House of Lords Select Committee on the Constitution report on Parliament and the Article 50 process

As Parliament returned after the summer recess, the House of Lords Select Committee on the Constitution published a report entitled ‘The invoking of…

As Parliament returned after the summer recess, the House of Lords Select Committee on the Constitution published a report entitled ‘The invoking of Article 50’. Whilst no one has a crystal ball to predict when Article 50 will be invoked, what is clear is that there is considerable debate and differences of opinion as to whether this can be achieved using the royal prerogative power, or whether Parliament will need to be involved in some way or another. Whilst the Government has maintained that they can trigger Article 50 by royal prerogative power, a judicial review of this position has commenced and is expected to be heard in the High Court in mid to late October. 

A bill or a resolution?

Without expressing a view on the various legal arguments in relation to how Article 50 can be triggered, the House of Lords report sets out the two options should Parliament be involved in approving the triggering of Article 50, which are summarised below.

  1. A bill?
    Legislation brings the benefit of legal certainty.  Any Act would make it clear that Parliament has given its authority for withdrawal from the EU to commence and that this may be the vehicle that leads to existing legislation being amended or repealed.  This gets around potential legal difficulties concerning whether the royal prerogative power can override statute, for example if the European Communities Act 1972 is repealed or amended. An Act could also lay out preconditions that must be met before the Government could trigger Article 50.

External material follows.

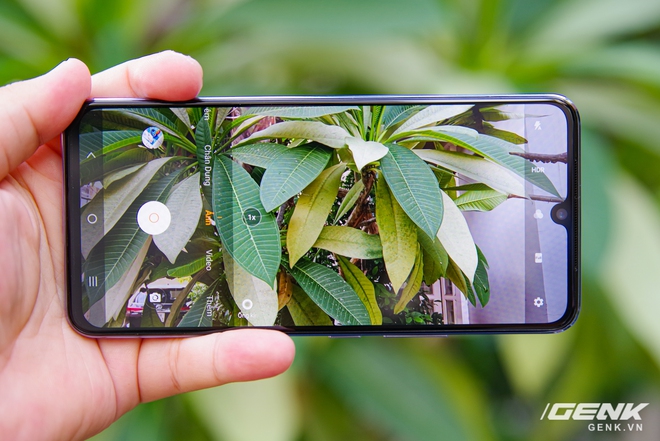 Trên tay Vivo V21 5G: thiết kế mỏng nhẹ đẹp mắt, đặc biệt có Camera selfie 44MP chống rung OIS - Ảnh 9.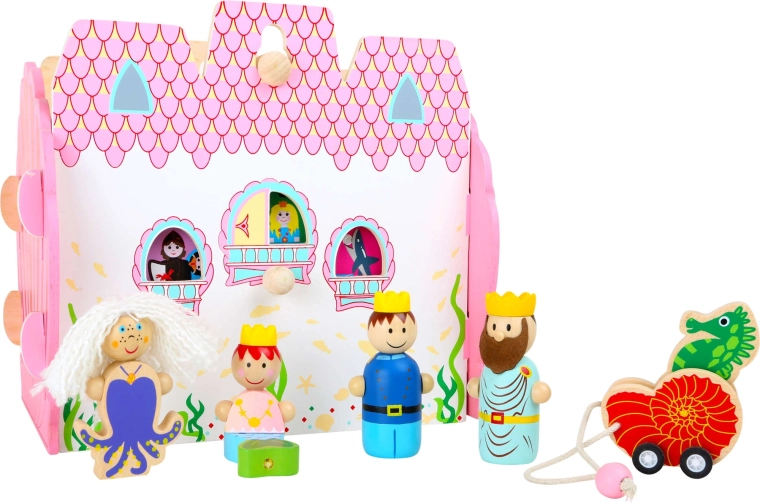 Wooden figures and accessories for storytelling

    Any Act would proceed through both Houses of Parliament which would give the opportunity for debate and could be a more transparent way of ensuring that the voice of the electorate is heard.  That said, keeping the debate confined to the scope of the Bill may prove difficult on this emotive issue.  The legislative process could well take some time for a consensus to be reached, however the end result would be an Act approved by both Houses. 

  2. A resolution?
    If an Act is not used, Parliament’s involvement could be by way of a resolution which has the advantage over legislation in terms of speed.  Resolutions can simply be agreed in the Commons or both Houses which could ultimately be quicker than a bill. A resolution could also include preconditions to be met prior to the triggering of Article 50, but has the complication that it would not be legally binding on the Government. Consideration would need to be given to whether the assent of both Houses would be needed as the position is not clear cut.  What is apparent is that if the assent of both Houses is required, this raises a further difficulty because there is the possibility that there could be two different resolutions agreed, with no process for reconciling them.  

We are only at the beginning of the legal process to withdraw from the EU but what is clear is that there will be many legal arguments ahead and whilst there are many noises about who can press the Article 50 button, and whether or not we should press that button, the prime minister has maintained the position that the wishes of the electorate must be enacted.